How to complete this task
Please transcribe only the lines that run from the line bearing "Vehículo en taller" to the end of the entries, keeping both end lines. Skip the pictures.

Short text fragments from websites
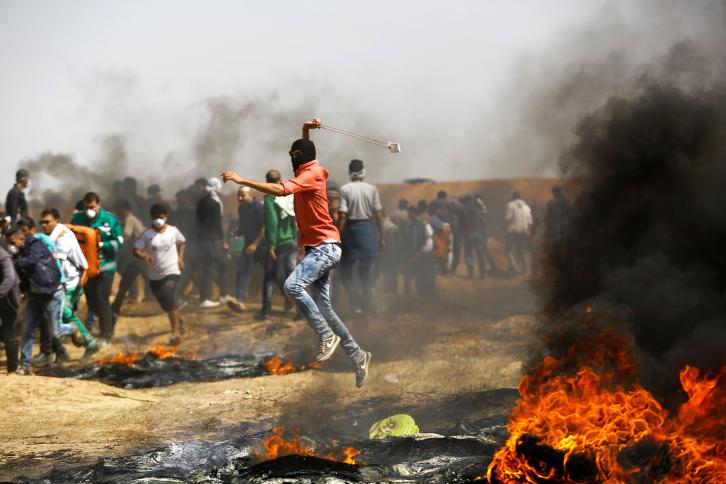 استشهاد مواطن متأثرا بجراحه والاحتلال يشن غارة على غزة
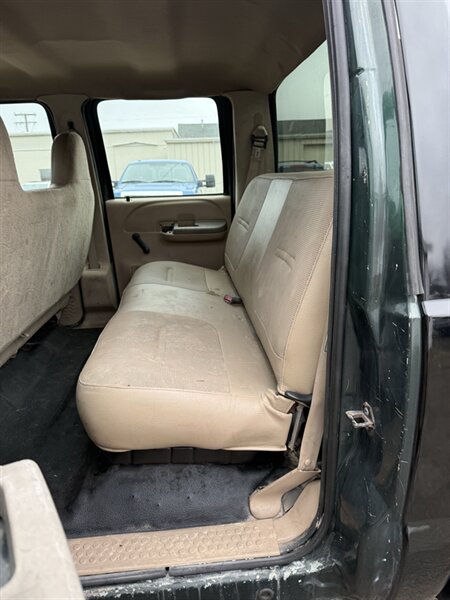 2002 Ford F-350 Super Duty XL - Photo 13 - Elkhart, IN 46514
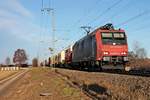 Mit einem Containerzug nach italien fuhr am 22.12.2016 die Re 482 007-2 nördlich von Müllheim (Baden) auf der Kursbuchstrecke 703 in Richtung Basel.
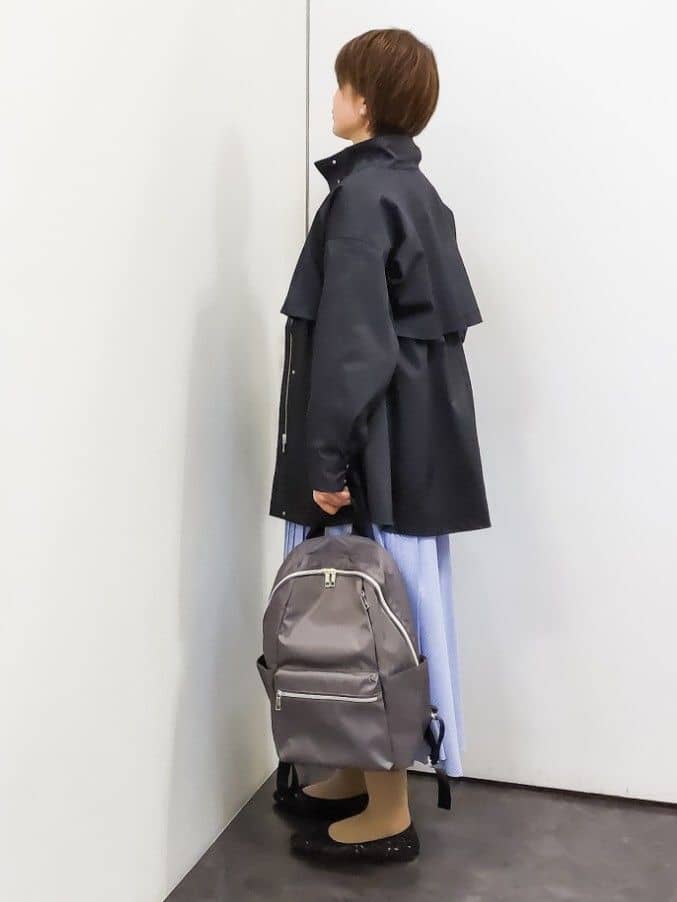 やまちゃんさんの「grove｜【撥水／シルエット2WAY】羽織るだけでサマになる、スタンドネックテントラインコート」を使ったコーディネート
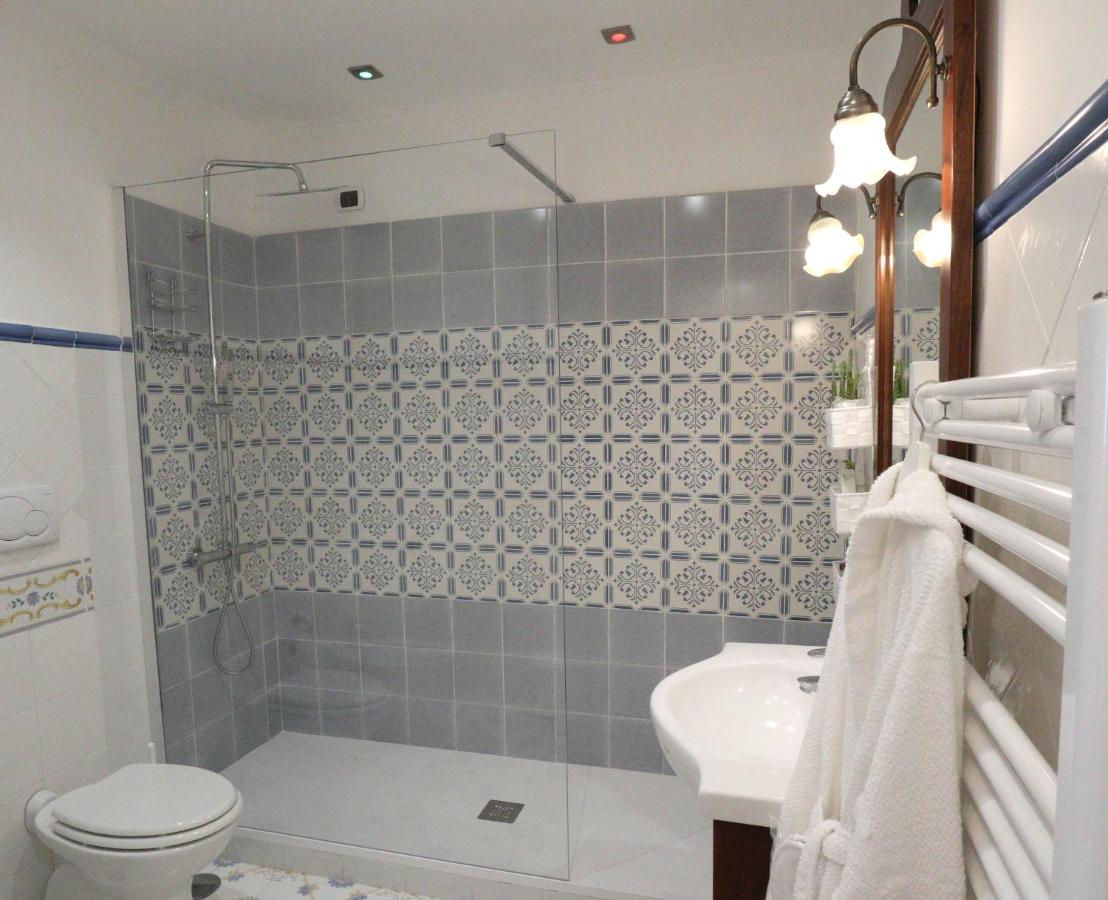 Deluxe Suite with Sea View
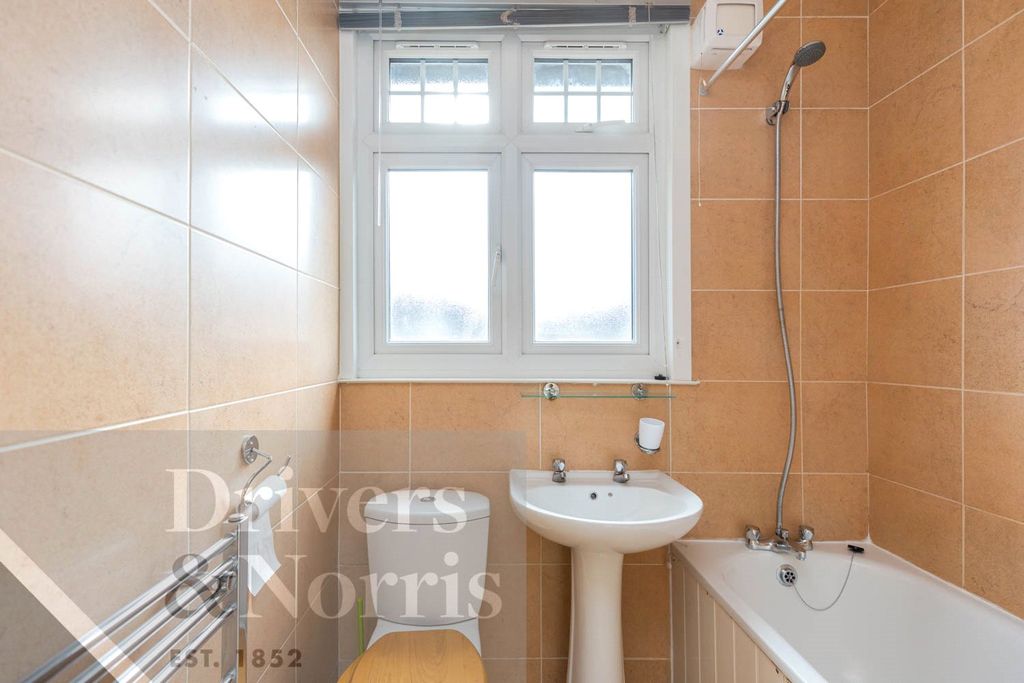 Property photo 3 of 9 Picture No. 25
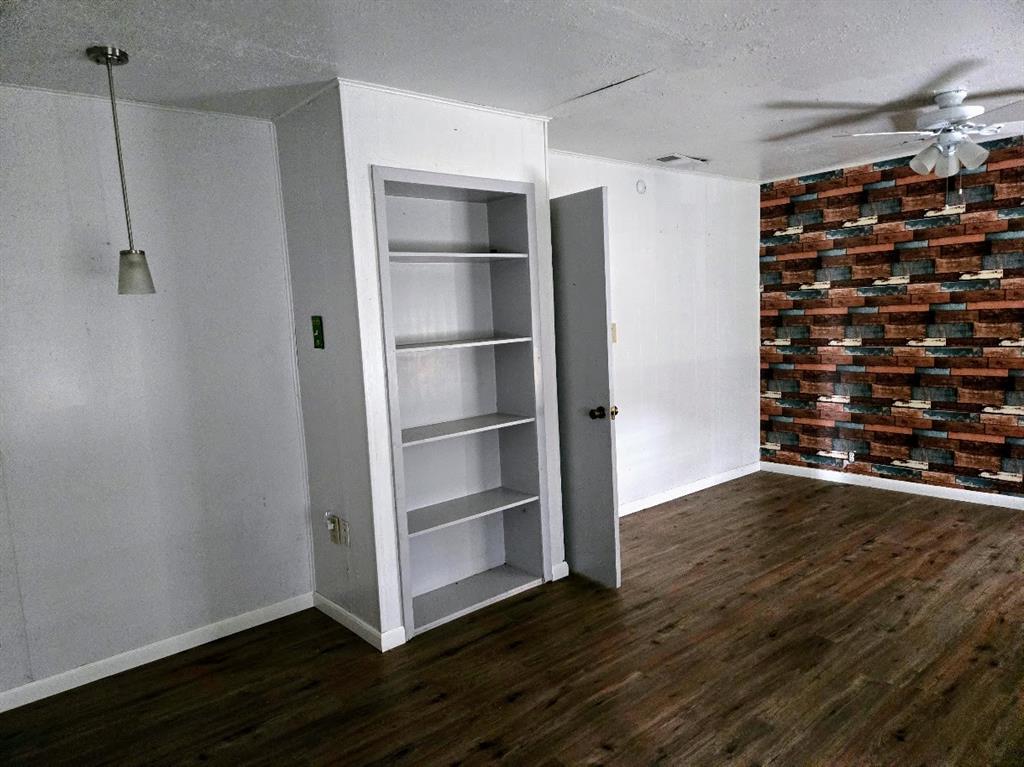 Varelaxi League Grant - Residential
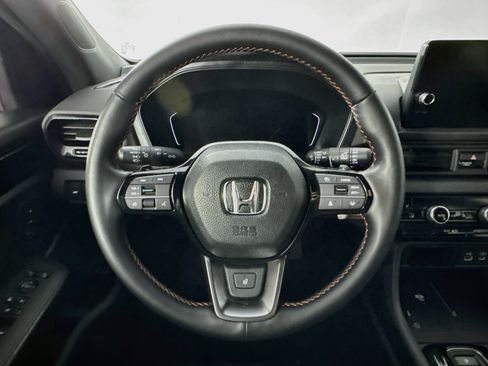 Certified 2025 Honda Pilot TrailSport image 11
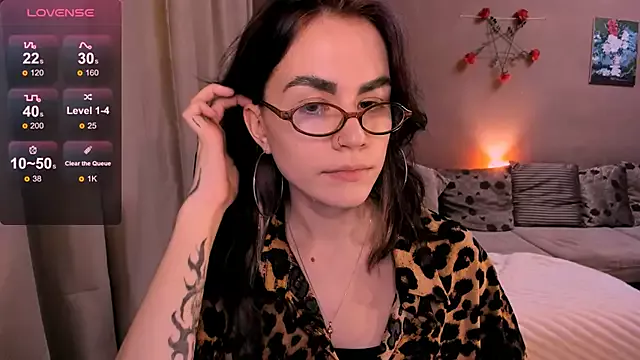 Girls: try live performances with matured performers, from dancing to quirks, in a variety of beautiful sex cams.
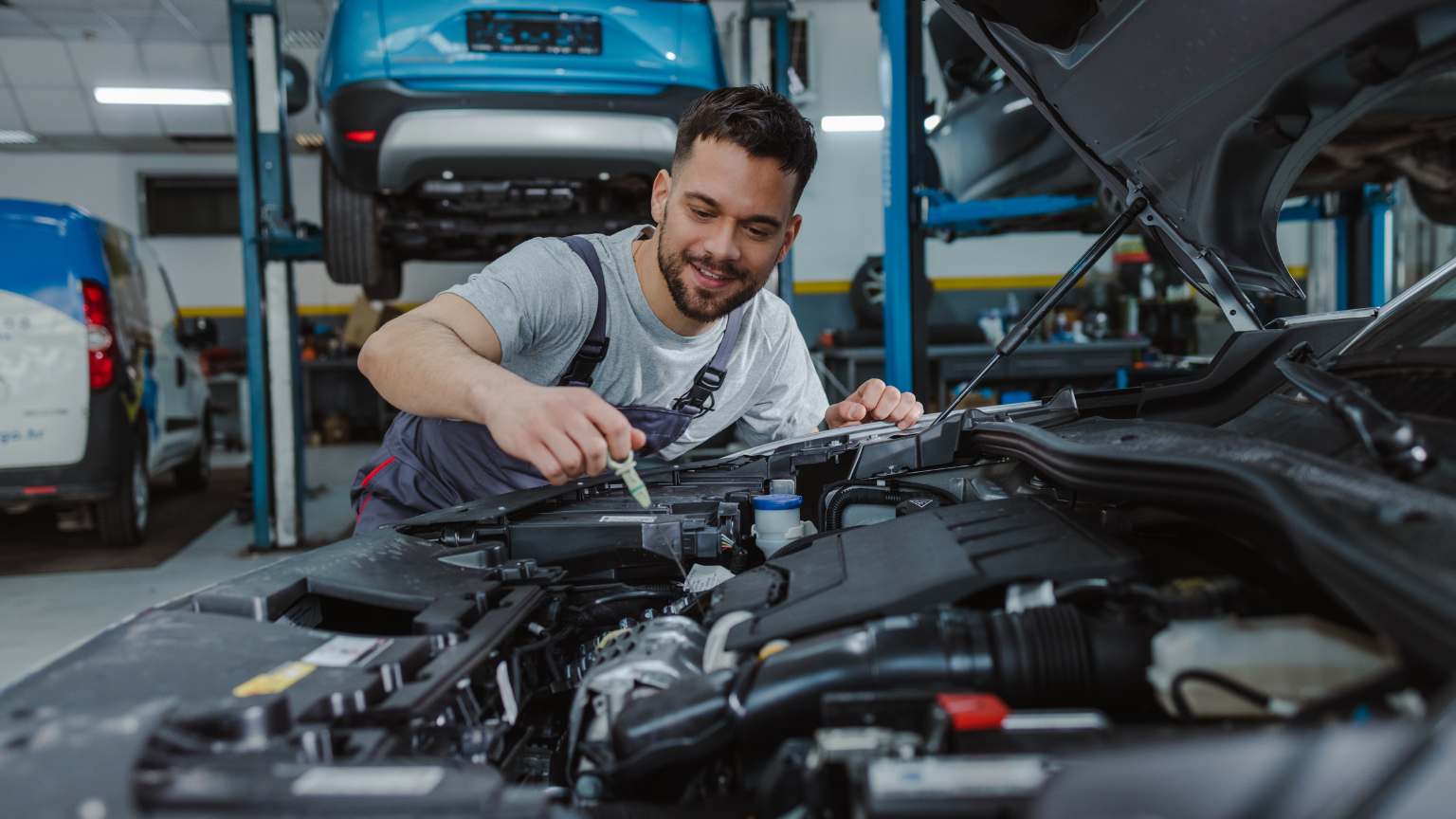 Vehículo en taller durante una reprogramación automotriz para optimizar su rendimiento y mejorar la potencia del motor.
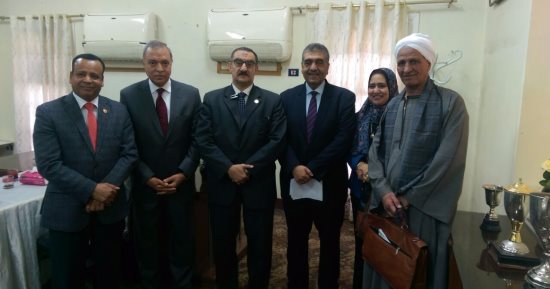 النائب محمد الغول: وزير قطاع الأعمال وعد بمضاعفة إنتاج مصنع الألومنيوم بقنا
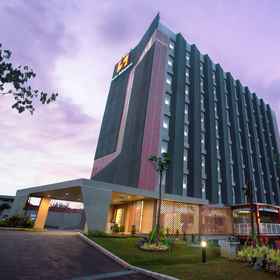 Exterior / Building 1 Swiss-Belexpress Cilegon, Cilegon Hotels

Task result
 Vehículo en taller durante una reprogramación automotriz para optimizar su rendimiento y mejorar la potencia del motor.
 النائب محمد الغول: وزير قطاع الأعمال وعد بمضاعفة إنتاج مصنع الألومنيوم بقنا
 Exterior / Building 1 Swiss-Belexpress Cilegon, Cilegon Hotels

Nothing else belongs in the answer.